Arrivée à Geilo, je quitte mes voisins qui me convainquent de poursuivre, visuellement, les trois heures de trajet qui me séparent de Bergen, devant mon ordinateur. Grâce à eux, je suis entrée dans l’univers de «Sakte-TV». A l’hôtel, de la réceptionniste au garçon de café en passant par le directeur, toutes les personnes questionnées à son sujet avaient vu ces émissions pas comme les autres. Pourquoi? «Parce qu’elles calment», «elles nous ouvrent les yeux sur la réalité», «elles permettent à l’esprit de s’évader», «elles permettent de quitter la course contre la montre», «c’est de la méditation».
Tout a démarré en 2009, avec la diffusion du best timing cialis. Une émission proposée par la chaîne NRK (la première chaîne publique norvégienne). Plus de sept heures sur les rails, filmées en temps réel, par quatre caméras (deux à l’extérieur du train, deux à l’intérieur). Plus d’un million de spectateurs n’ont pas boudé le plaisir d’embarquer à bord de ce train qui sillonne des paysages époustouflants.

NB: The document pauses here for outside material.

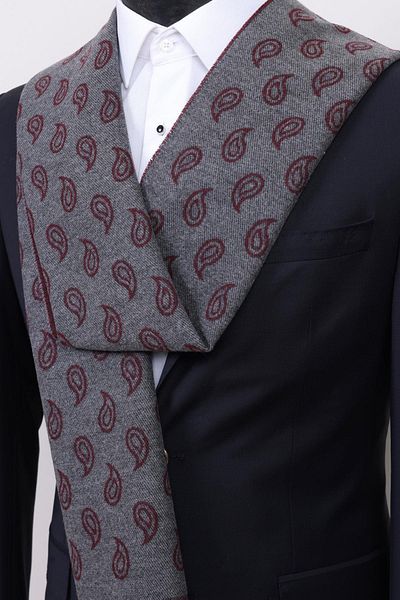Esgue Bord-Gri Dublu Față Drop Pattern Viscose Kaşkol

Depuis, l’expérience a été renouvelée à plusieurs reprises avec des audiences toujours faramineuses. Ainsi, la croisière à bord de l’Express côtier (Hurtigruten), de Bergen à Kirkenes, soit cent trente-quatre heures. Plus de 3 millions de spectateurs ont pris part au périple à un moment ou l’autre de sa diffusion. Constituée principalement de plans fixes, l’émission alternait entre prises de vue de onze caméras et cartes de géographie, et faisait entendre musiques et sons ambiants. Le «Guinness Book» des records a enregistré l’événement à titre de «plus long programme de TV».
Plus casaniers, les reportages consacrés au feu de bois, huit heures avec des flammes pour seules actrices sur l’écran, ou à une femme tricotant intégralement un pullover (huit heures trente-cinq), ont su hypnotiser des spectateurs habituellement prompts à zapper.
Si le caractère soporifique du petit écran est bien connu, rien de semblable avec ces émissions qui visent à engendrer «un état de relâchement, de détente», explique Rune Moeklebust, directeur d’unité de programme chez NRK. «C’est de la télé-réalité au sens littéral du terme: quelque chose d’authentique, que l’on montre en temps réel et sans condensé». Le succès de cette télévision escargot s’explique-t-il par la décélération bienvenue qu’elle offre, alors que tout s’accélère par ailleurs? Cette nouvelle niche télévisuelle fait-elle partie de ce qu’Hartmut Rosa, l’auteur de «L’accélération» (Editions La Découverte) appelle de ses vœux, le recours à un «freinage d’urgence»?
Présenté comme novateur, ce concept de restitution du temps réel l’est-il vraiment? En 1963 déjà, le film d’Andy Warhol, «Sleep» montrait, durant cinq heures et vingt et une minutes, le poète John Giorno filmé pendant son sommeil. Par la suite, il fut adapté pour la télévision et diffusé sur de rares chaînes américaines et britanniques. Le pape du pop art a donné ses lettres de noblesse au banal. Il explora une nouvelle façon de faire une place à l’ordinaire pour en révéler la poésie. «Pourquoi ne pourrai-je pas être non original?», revendiquait-il. Son esthétique visait à «filmer comme on regarde par la fenêtre», explique-t-il dans «Entretiens» (Grasset). Alors, warholienne la «Slow TV»?